╭─ Available data

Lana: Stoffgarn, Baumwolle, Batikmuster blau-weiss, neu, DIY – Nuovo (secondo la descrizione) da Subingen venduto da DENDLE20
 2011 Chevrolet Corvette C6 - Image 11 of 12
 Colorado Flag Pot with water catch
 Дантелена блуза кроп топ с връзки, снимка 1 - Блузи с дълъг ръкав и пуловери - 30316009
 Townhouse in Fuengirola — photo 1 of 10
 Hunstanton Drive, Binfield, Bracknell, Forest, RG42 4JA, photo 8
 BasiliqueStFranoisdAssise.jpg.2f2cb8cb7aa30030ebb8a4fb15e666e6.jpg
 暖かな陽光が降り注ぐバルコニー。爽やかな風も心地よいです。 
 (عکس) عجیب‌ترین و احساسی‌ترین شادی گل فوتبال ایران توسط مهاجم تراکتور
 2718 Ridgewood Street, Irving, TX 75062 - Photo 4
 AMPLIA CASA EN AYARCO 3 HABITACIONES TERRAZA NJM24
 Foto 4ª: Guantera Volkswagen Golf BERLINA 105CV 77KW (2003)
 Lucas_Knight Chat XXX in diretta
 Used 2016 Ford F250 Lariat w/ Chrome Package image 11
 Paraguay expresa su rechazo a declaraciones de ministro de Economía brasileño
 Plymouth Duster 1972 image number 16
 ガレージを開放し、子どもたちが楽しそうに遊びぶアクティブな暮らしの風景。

╰─

Starting with the first line of the entries and ending with the line that has "Hunstanton Drive, Binfield, Bracknell, Forest, RG42", copy each line exactly and add nothing.

▸ Output of the task:
Lana: Stoffgarn, Baumwolle, Batikmuster blau-weiss, neu, DIY – Nuovo (secondo la descrizione) da Subingen venduto da DENDLE20
 2011 Chevrolet Corvette C6 - Image 11 of 12
 Colorado Flag Pot with water catch
 Дантелена блуза кроп топ с връзки, снимка 1 - Блузи с дълъг ръкав и пуловери - 30316009
 Townhouse in Fuengirola — photo 1 of 10
 Hunstanton Drive, Binfield, Bracknell, Forest, RG42 4JA, photo 8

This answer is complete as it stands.